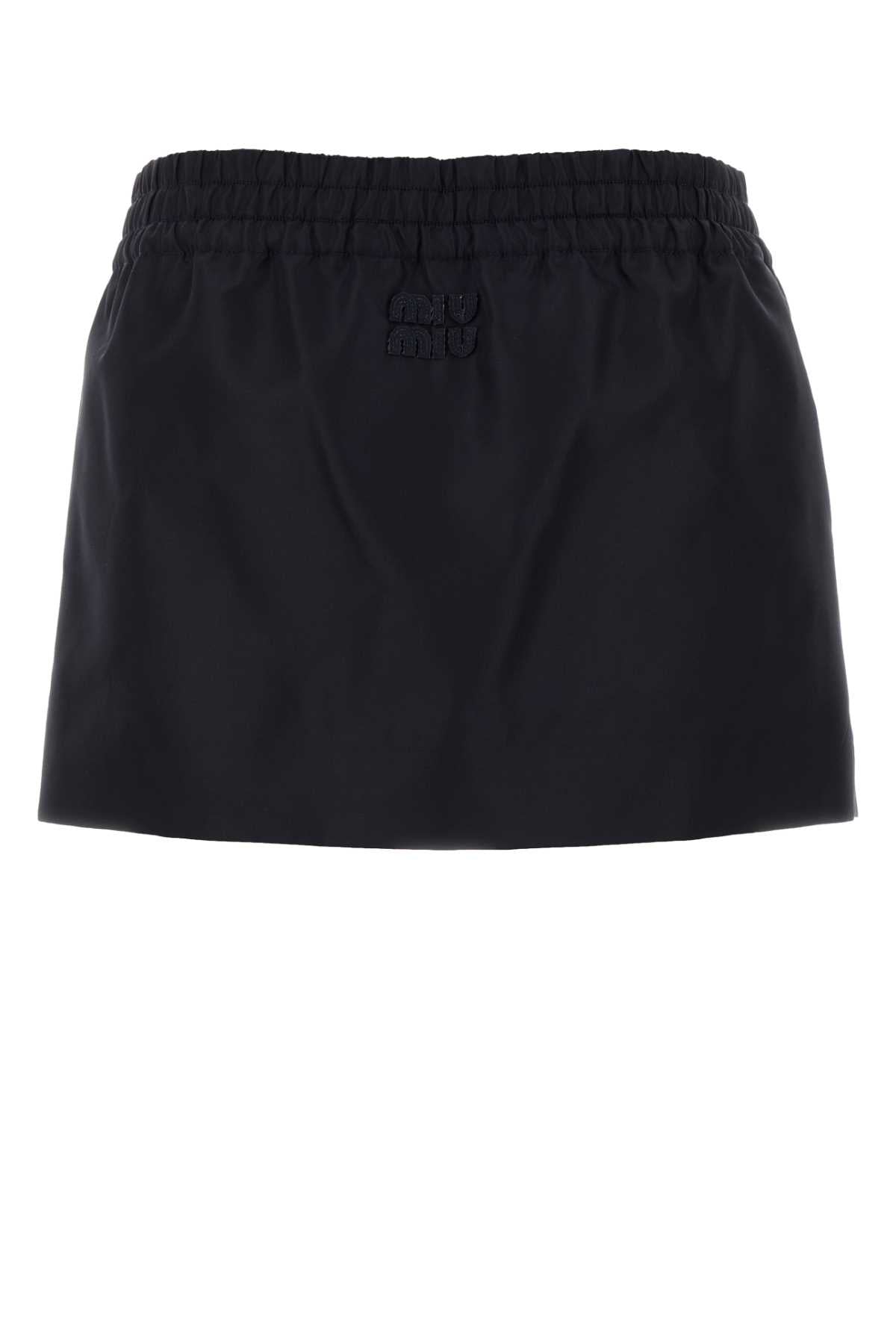MIU MIU Stylish Recycled Nylon Mini Skirt for Women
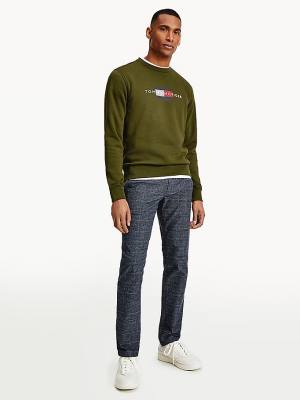 Muške Tommy Hilfiger Logo Crew Neck Duksevi Braon | TH826KQV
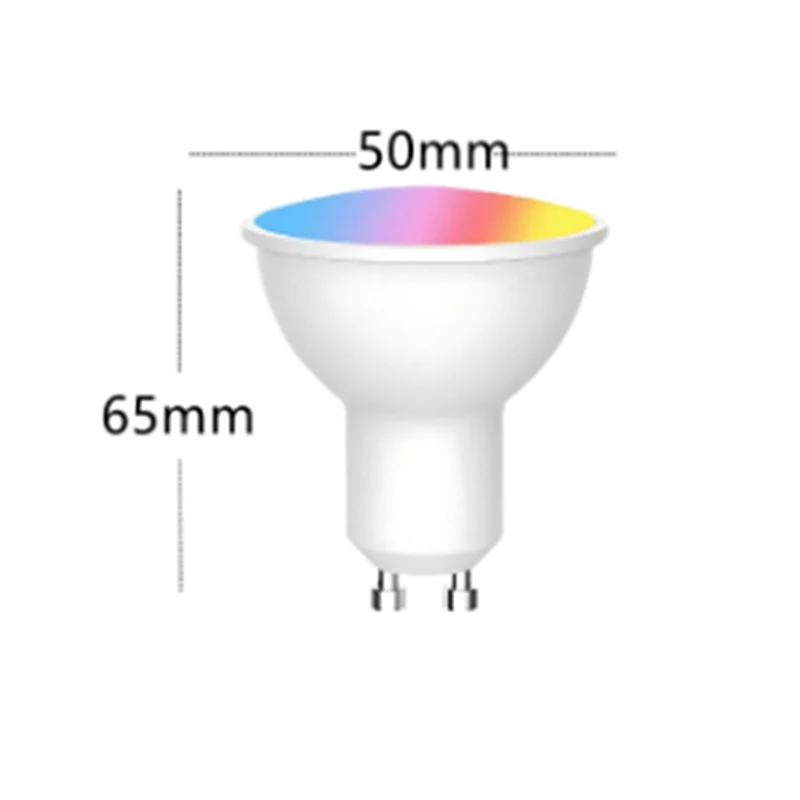 A76X-Tuya Bluetooth GU10 LED 電球調光可能 6 ワット 220 V スマートライフアプリ制御スポットライト電球は Alexa Google で動作します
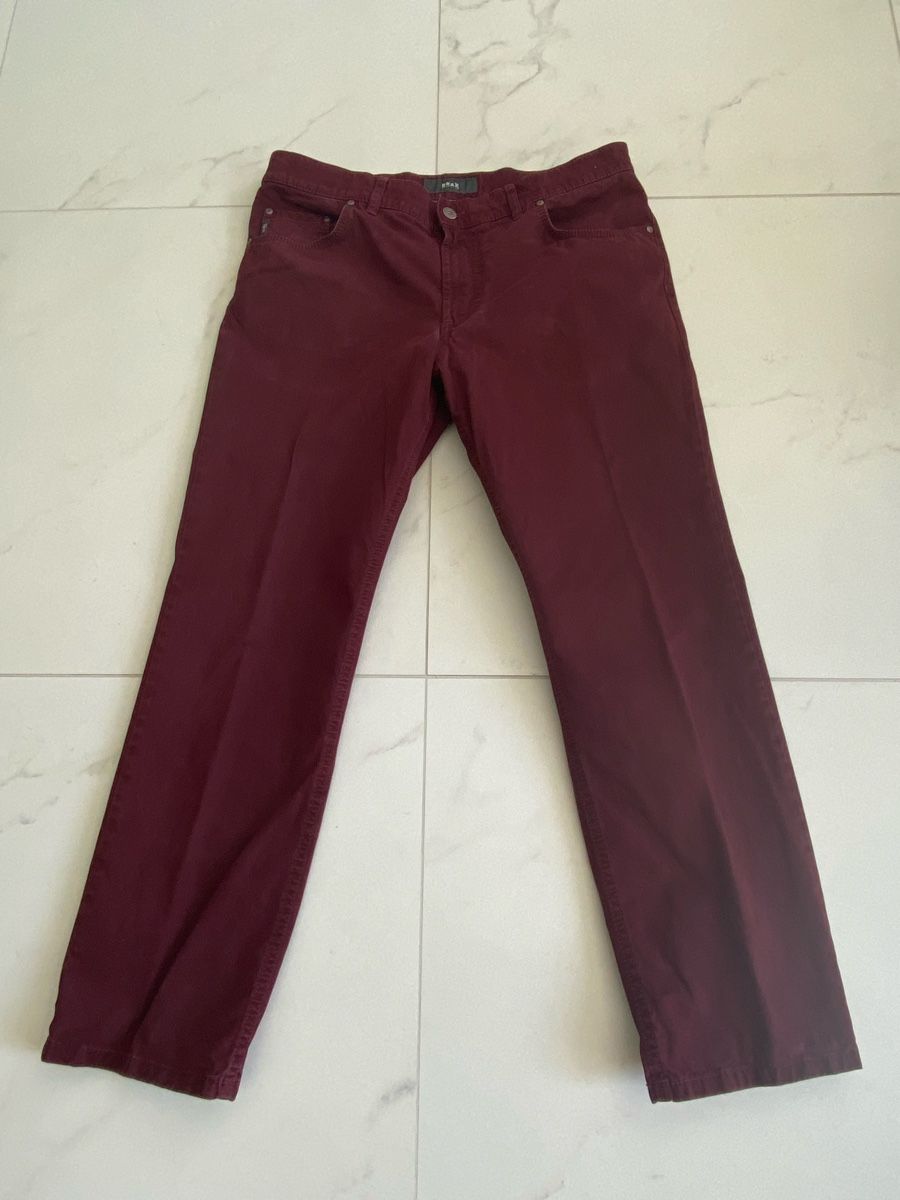 Brax Pantaloni: Brax COOPER FAN US 38/30 bordeaux, – Usato da Zürich venduto da DidierTG 1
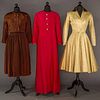 TWO DRESSES & ONE COAT, 1950-1960s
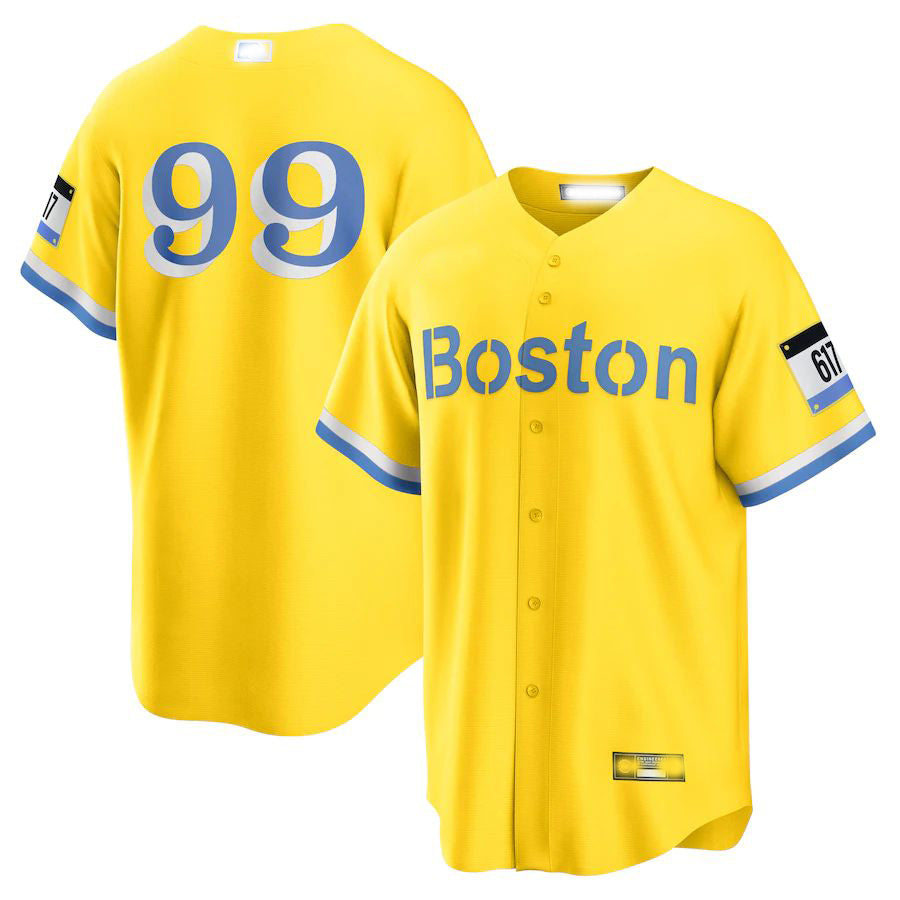 Boston Red Sox #99 Alex Verdugo Gold City Connect Replica Player Jersey Baseball Jerseys - Main View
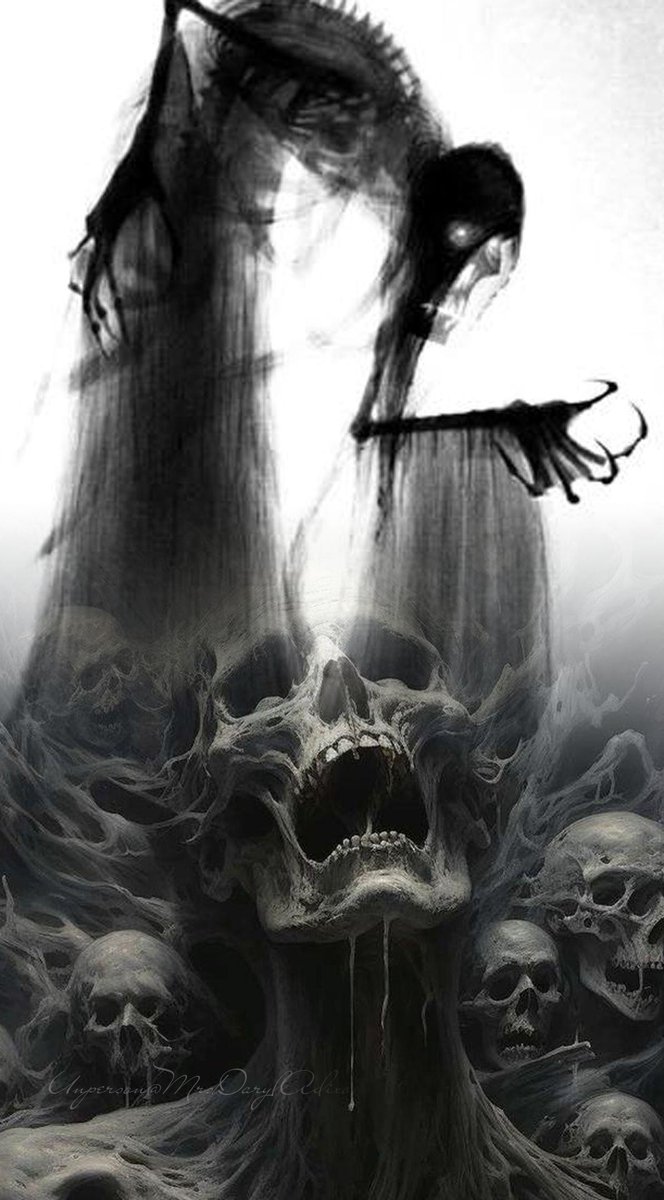 MrsDarylAdixon's tweet photo. It's Monday again... #Mondaymood Wish you all a macabre #MondayMassacre in #SweetDarkness and #DarkSilence 😈
#darkart #bizarreedits  #darkgothic #depressionhelp #seclusion #forlorness
#horrorart #immortal_gothic #creaturesofthedark #creepy #weird #undead #lostsoul #darksoul https://t.co/A7o6BaY7r8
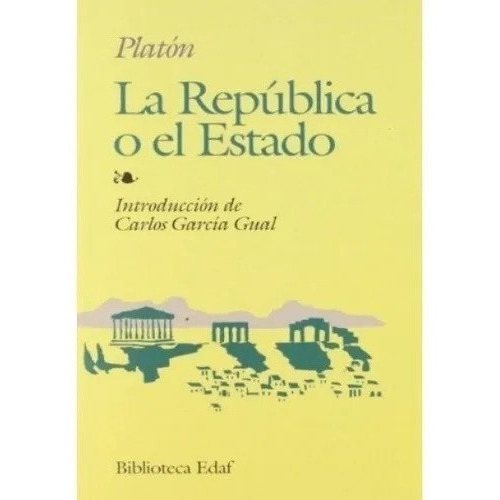 La República O El Estado: No Aplica, De Platón. Serie No Aplica, Vol. No. Editorial Edaf, Tapa Blanda, Edición 2015 En Español, 2021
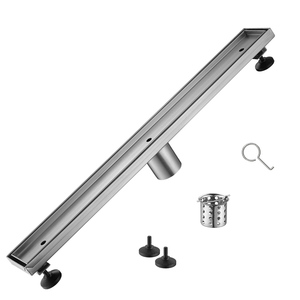 Inserts <span class=keywords><strong>pour</strong></span> carrelage en acier inoxydable certifié WaterMark 304 canaux <span class=keywords><strong>de</strong></span> sol linéaires avec couvercle amovible <span class=keywords><strong>grille</strong></span> <span class=keywords><strong>de</strong></span> vidange <span class=keywords><strong>pour</strong></span> salle <span class=keywords><strong>de</strong></span> bain - Product Image 2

### Problem description
The answer must consist solely of the lines from the one with "La República O" through the final line of the data, each reproduced exactly and with pictures omitted.

### Reply
 La República O El Estado: No Aplica, De Platón. Serie No Aplica, Vol. No. Editorial Edaf, Tapa Blanda, Edición 2015 En Español, 2021
 Inserts <span class=keywords><strong>pour</strong></span> carrelage en acier inoxydable certifié WaterMark 304 canaux <span class=keywords><strong>de</strong></span> sol linéaires avec couvercle amovible <span class=keywords><strong>grille</strong></span> <span class=keywords><strong>de</strong></span> vidange <span class=keywords><strong>pour</strong></span> salle <span class=keywords><strong>de</strong></span> bain - Product Image 2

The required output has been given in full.